It's going to cost $200 to ship it here. Seller wants $450 for the boat, but I'm offering less. It's a porta bote, which I can't seem to find one used around here. Cabela's sells them, but they are over 2K new.


----------



## bossgobbler

> *catchenbeatsfishen (2/7/2010)*I bought a boat from over in Alabama without a title. A notorized statement from the owner and the bill of sale was all I needed to register it down in Bay County.

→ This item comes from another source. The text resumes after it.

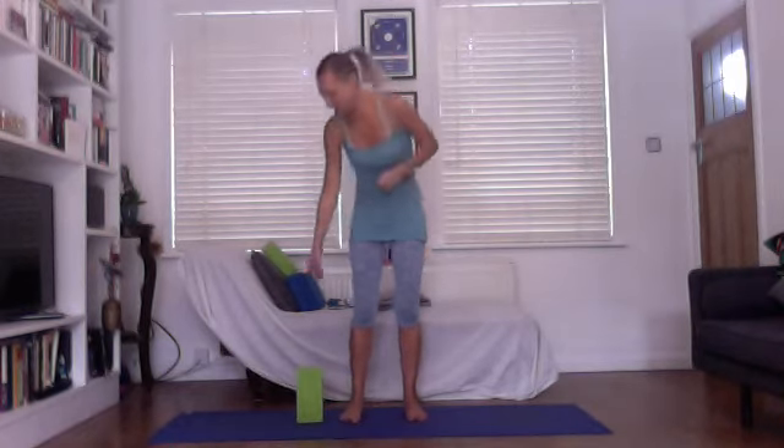Om Shanti, namaste. Thanks for joining me — Beth Hetherington here on my One Posture Wednesday. Today we are standing and we're going to do Parivrtta Utkatasana. I did Utkatasana last Wednesday, so it's on my YouTube channel for you to access, and this is a revolved version of that.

What is the notorized statement supposed to say?


----------



## Tuna Man

Standard Bill of Sale

Sold to, price, date, and any identifying numbers. Make sure the shipping is NOT included in the bill of sale, or you WILL be taxed on that also.

Nice...Price is right.





















I Scratched through "Tag Number" and wrote Motor (Make)..._Evenrude_. "Month Sticker" to IDnumber of engine, "Decal Number" to Model Number and "Year Sticker" to HP of engine. Mine wasn't even "Notarized" but I live in Alabama, and WE have no problem here.


----------



## CCC

Bought mine in Alabama last year, you can print bill of sales, didn't even need to get mine notorized, brought it back to Florida and they gave me a title.


----------



## Sea Monkey

> *CCC (2/12/2010)*Bought mine in Alabama last year, you can print bill of sales, didn't even need to get mine notorized, brought it back to Florida and they gave me a title.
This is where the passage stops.